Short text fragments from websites
┄┄┄┄┄┄┄┄┄┄┄┄┄┄┄┄┄┄┄┄
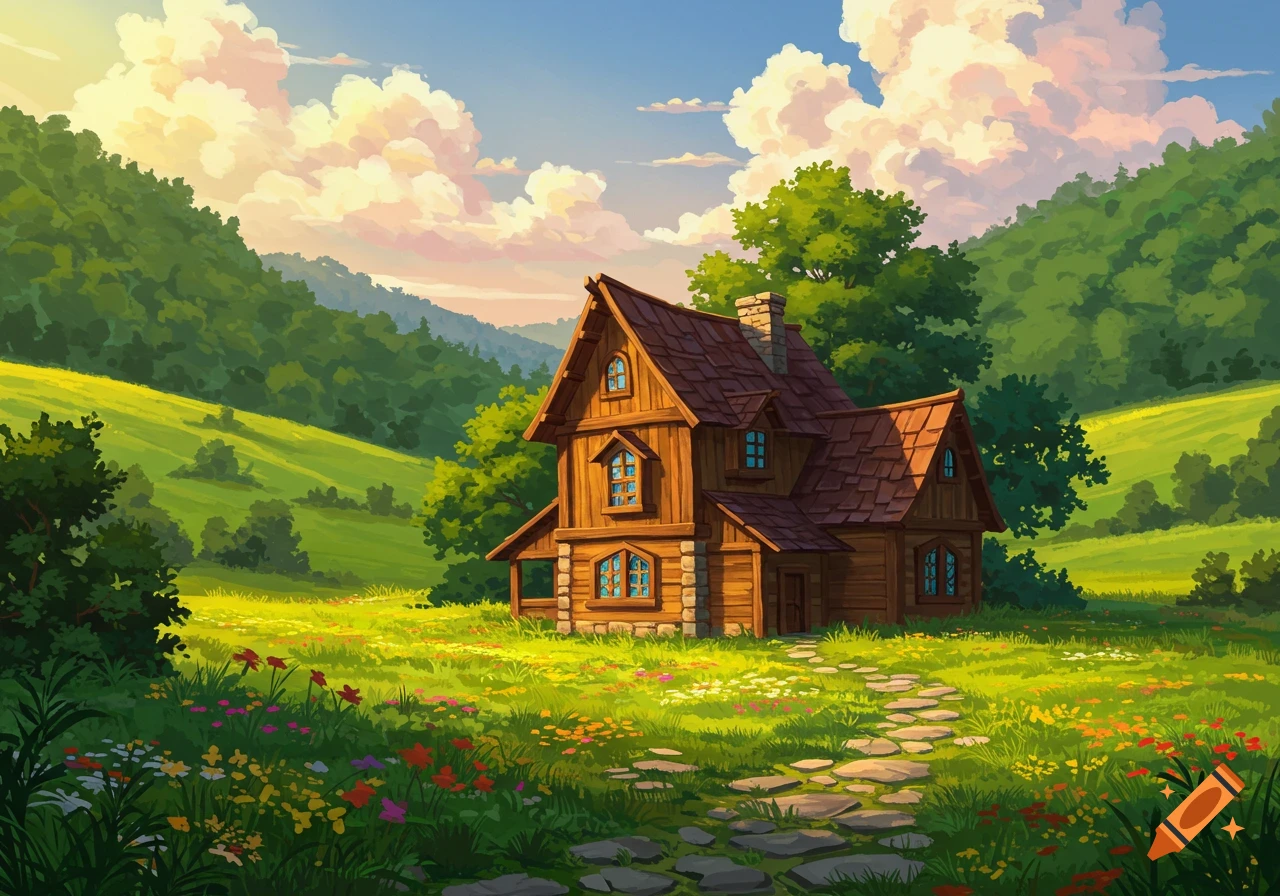 A charming wooden house with a red roof nestled in a vibrant green valley, surrounded by colorful wildflowers under a sunny sky.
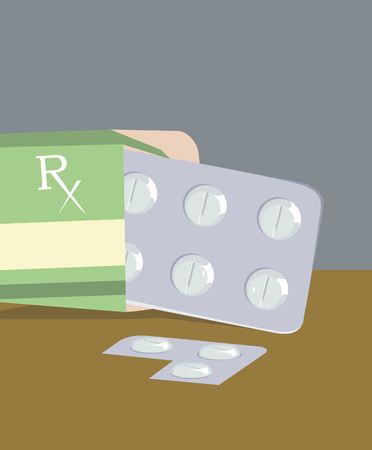 Illustration of medicines in a packet	の写真素材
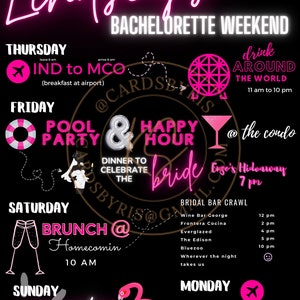 Bachelorette Party Itinerary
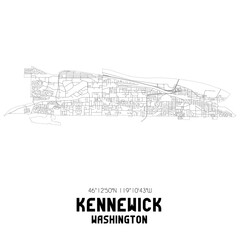 Kennewick Washington. US street map with black and white lines.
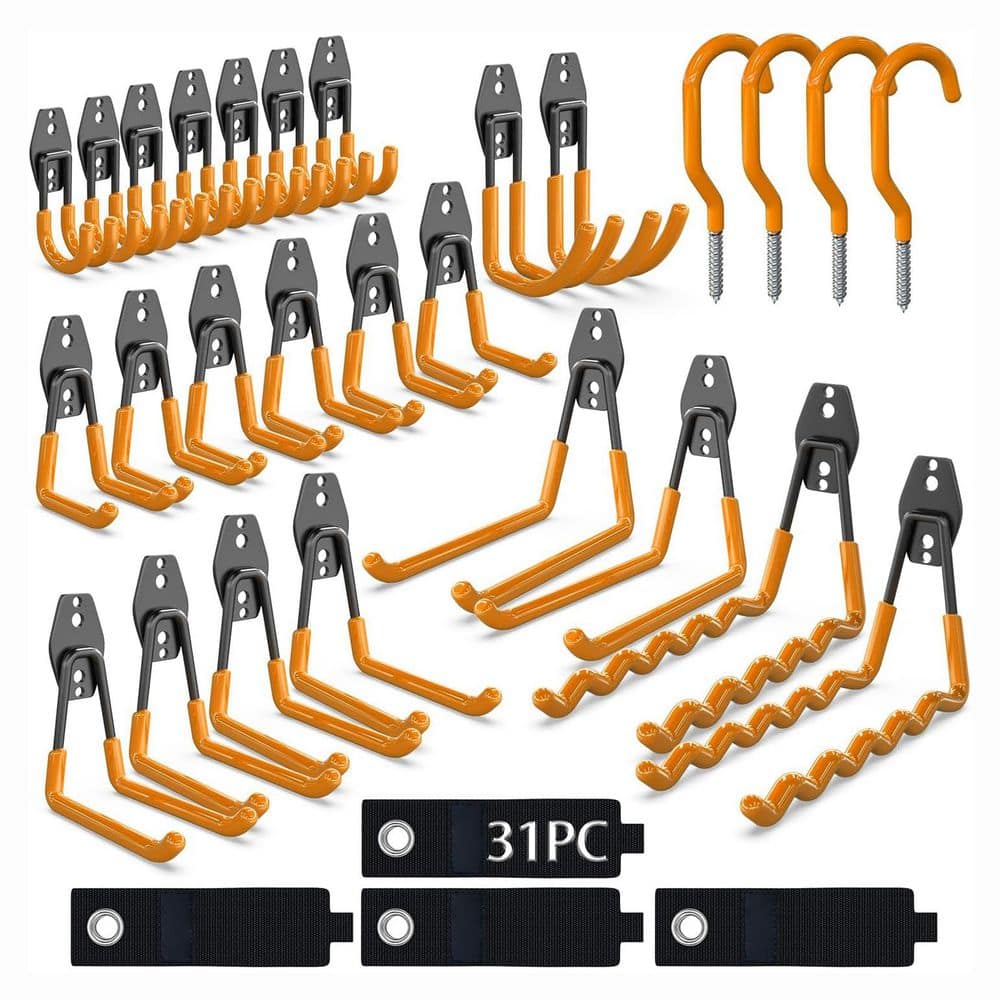 Garage Wall Hooks 31 Pack Orange Steel Heavy Duty Anti-Slip Coating Circular Welded Wall Rack with Mounting Hardware price history on PriceWatchPro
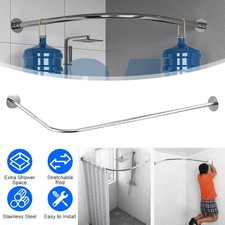 L Shape Shower Rail Rod Wall Mounted Curved Bath Pole Extendable Curved Rod Pole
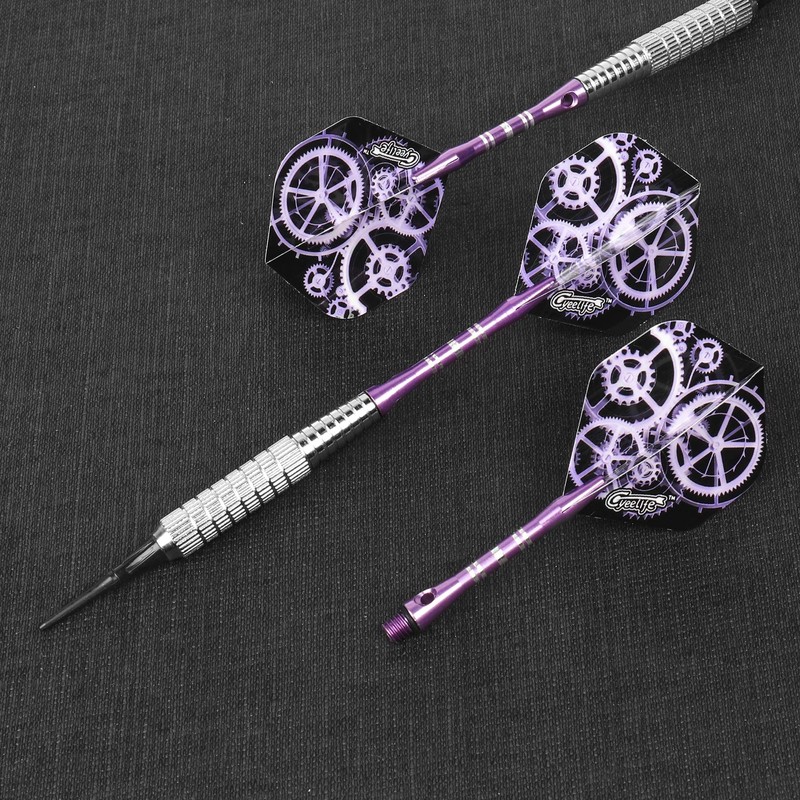 CyeeLife 12本入り 15g ソフトチップダーツセッ+アルミシャフト+100個ティップ+多機能ツール,入門級家庭用ダーツ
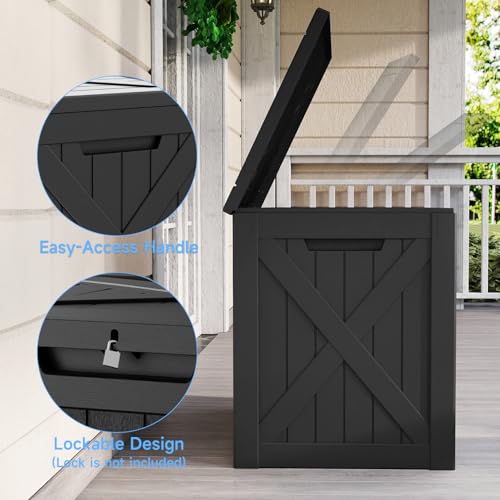 Image of 40 Gallon Outdoor Storage Box Waterproof, UV Resistant Resin Deck Box for Patio Furniture, Outside Storage Box for Garden Tools, Patio Cushions, Black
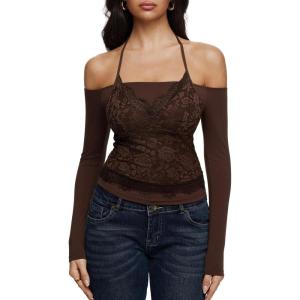imageREORIA Sexy Lace Top for Women Off Shoulder Long Sleeve Halter Neck Sheer Fitted Going Out Top Y2K Fake Two Piece ShirtShaved Chocolate
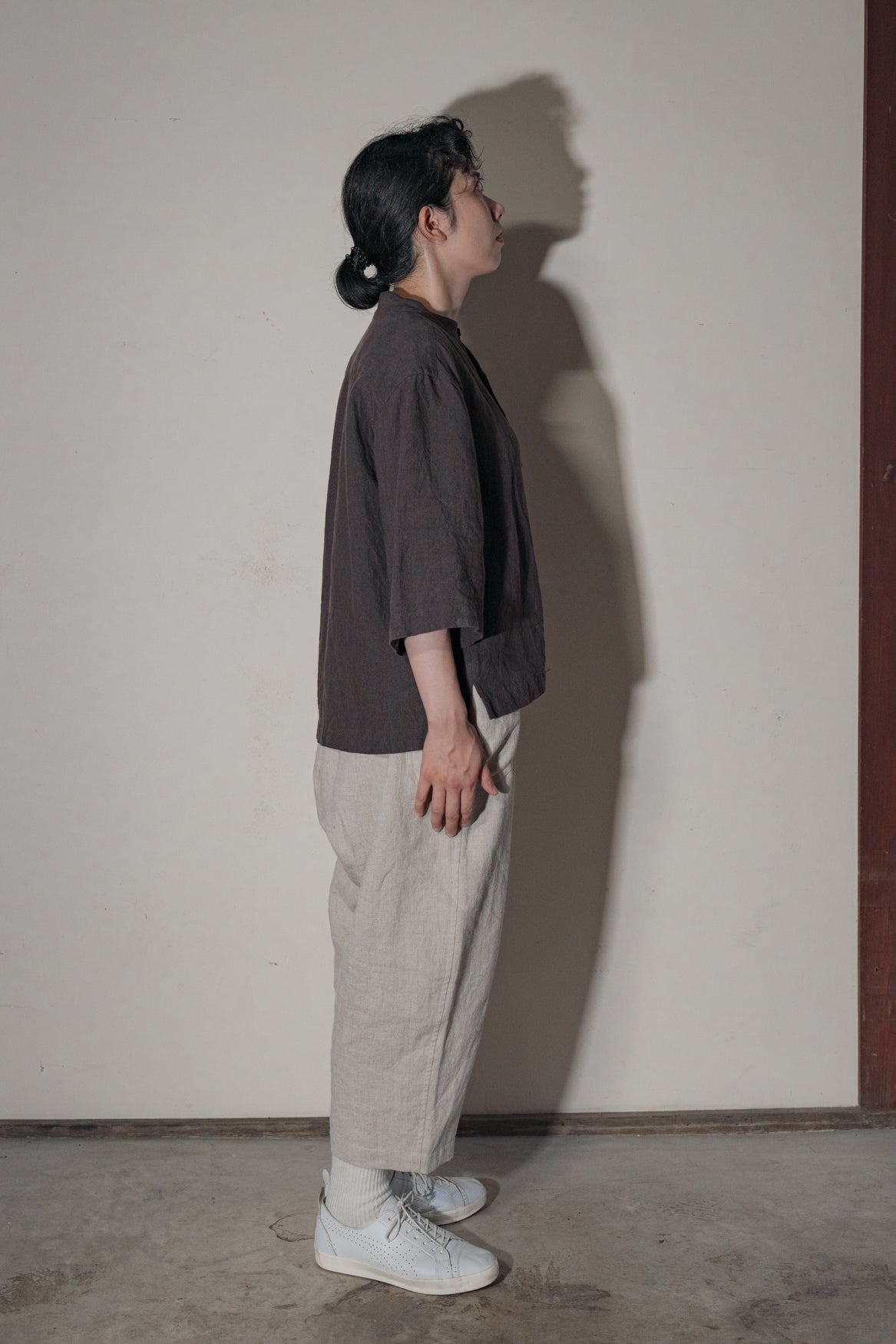 Sun-dried linen short shirt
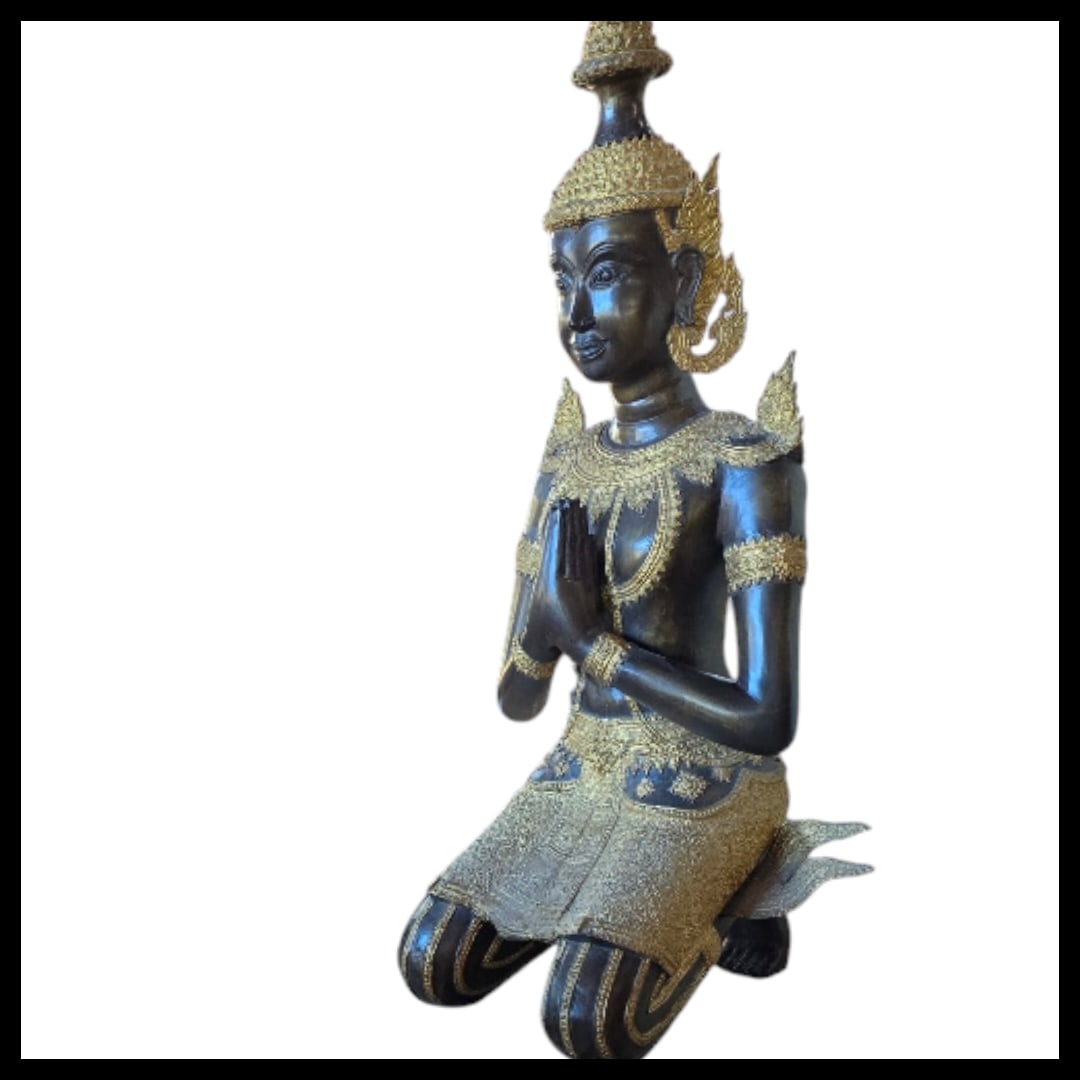 Very rare life size gold gilt Thai bronze buddha statue 56.6 inches height: Size is 24 x 20 x 56.6 inches height. Approx. 100 lbs. Buyer needs to arrange shipping. We will inhouse ship items to you very affordable and efficient. Select self-arrange shipping.
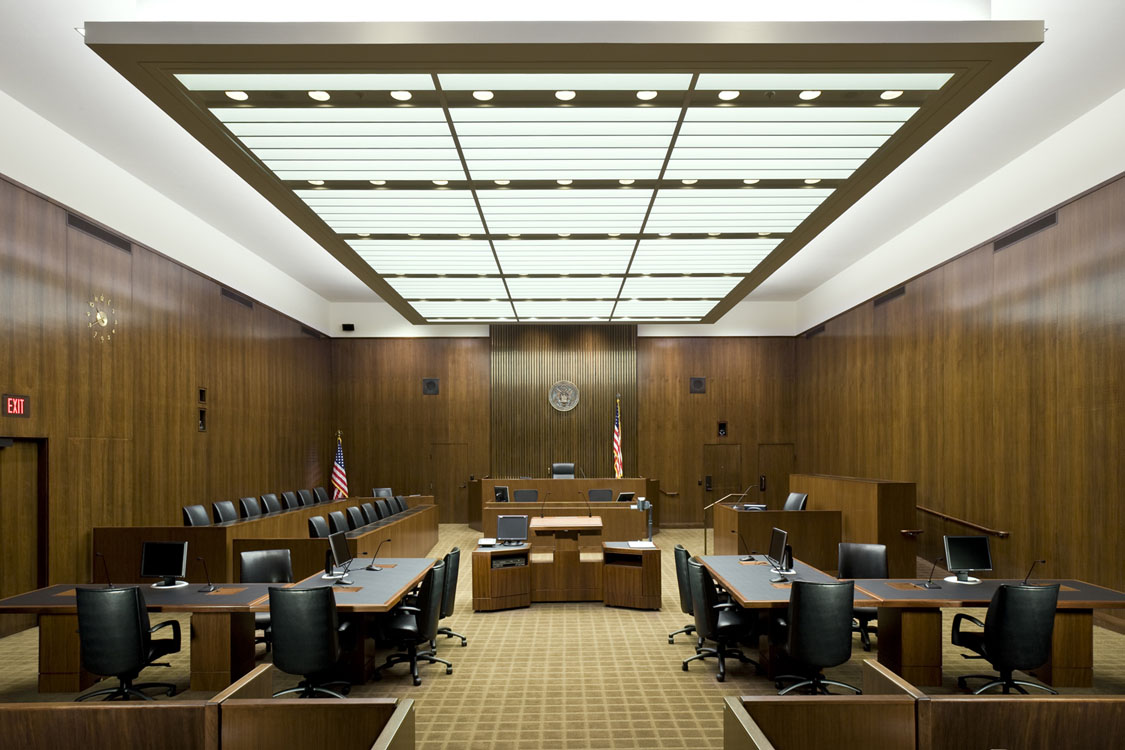 A courtroom with a ceiling.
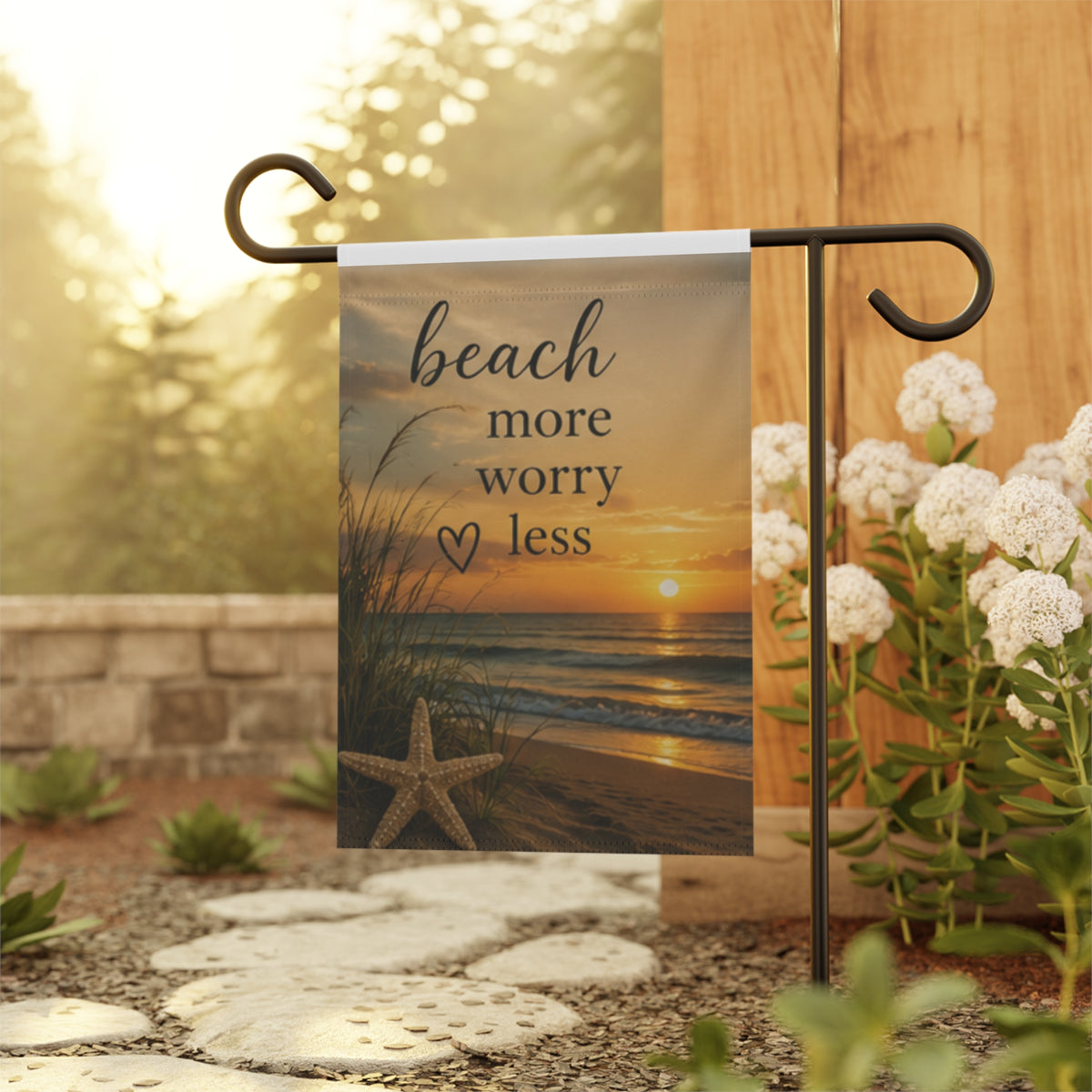 Beach More Worry Less Garden Flag | House Banner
┄┄┄┄┄┄┄┄┄┄┄┄┄┄┄┄┄┄┄┄
• _How to complete this task_
All lines after and including the one with "A courtroom with a ceiling.", through the end of the entries above, should be output exactly and by themselves. The pictures are to be left out.

• _Reply_
 A courtroom with a ceiling.
 Beach More Worry Less Garden Flag | House Banner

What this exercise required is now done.